The Notebook is the North American home for Locarno Film Festival Artistic Director Carlo Chatrian's blog. Chatrian has been writing thoughtful blog entries in Italian on Locarno's website since he took over as Director in late 2012, and you can find the English translations here on the Notebook as they're published.
"C’est l’apocalypse, Carpentier!"
A police commissioner speaks this line with his eyes popping, a thousand tics distorting his face with an equal amount of grins, and almost incomprehensible speech delivered in a tone of voice that is louder than required. Spoofing the characteristics of the detective, commissioner Van der Weyden is the distillation of the elements that make Bruno Dumont’s work so unique and irresistible. Named after the Flemish painter, who is renowned for his portraits where the position of the hands creates a dialogue with the sober expressiveness of the faces, the commissioner is an indiscernible blend of stupidity and amazement. Within the story, he is supposed to make sense of the mysteries of the world, shedding light on the inexplicable events in the flat lands of Northern France that are the setting of most of the director’s films. And yet, Van der Weyden is the first to have no idea of what is going on, the first to get lost when facing reality’s chaos and lack of coherence.

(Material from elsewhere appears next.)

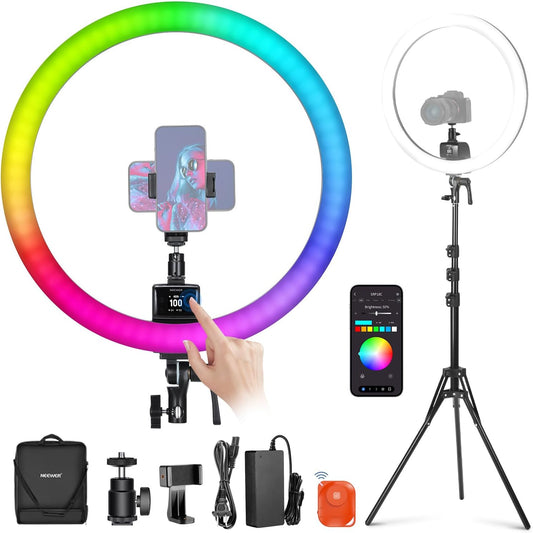 RGB Led-Ringlichtset – Ringlamp, Ringlicht, Vloglamp, Selfielamp – 45 Cm, 55 W, 864 Leds – App-Besturing, 18 FX-Scènes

The context is that of a television series, now in its second season. But in this case, going against the agelessness of the small screen, characters grow up and go as far as changing their nickname: Quinquin is now Coincoin. What remains is the vision of a world that has lost all meaning and offers itself to the viewer with the most chilling incoherence. And as if often the case, man reacts to the unknown by laughing. We laugh at something that, if watched closely, is like a distorted mirror of our being in the world.
Behind the apparent simplicity of mise en scène and storytelling, behind the quick delivery associated with writing for television, lies Dumont’s most conceptual film, whose ambition is to encapsulate the world and its different facets in a handkerchief of dirt. He hides this project in sequences with deep contrasts: high and low, mask and body, carnival and justice. This procedure was already obvious in his first feature film, La vie de Jésus. There the representation was more realistic and the cinematic writing still allowed for a transition from one scene to the next, but at the center was also a young man, not unlike the protagonists of Dumont’s later films. Freddy lives with the same unease as Quinquin, the youngsters in Flanders or the nameless boy in Hors Satan. Faced with something he can’t explain (his girlfriend decides to approach a stranger), Freddy is half perpetrator and half victim, a paradoxical Jesus on the eve of the 21st century.
"Ce n’est pas le film qui est moral, c’est le spectateur qui va l’être. "
Upon meeting him in 1997, Bruno Dumont had a clear idea about the role of cinema and its centers of interest. “To me, this story, these characters, these locations are a tool to enter the human condition. Therefore it is not naturalism, it is an impression of truth that sinks very rapidly.” What has remained constant in his filmmaking is the will to investigate man and his gray areas, be they relational or existential. Thy neighbor viewed as an obstacle, evil as an unavoidable presence, sex as the dark backdrop of mankind are just a few of the challenges his films have accepted. Unlike the lion’s share of bourgeois cinema, born in the cities and developed in lounges, Dumont looks directly at the major questions that torment man. Facing an increasingly opaque reality, Dumont offers strong stories without the easy solution of an ending, be it positive or negative. The stories are open because the problems they deal with are open. The characters appear to be dragged by higher powers, they don’t think, and they rarely act. Their subservience to reality, destiny and power relationships that rule society is thrown into the viewer’s face, and it’s up to him to respond.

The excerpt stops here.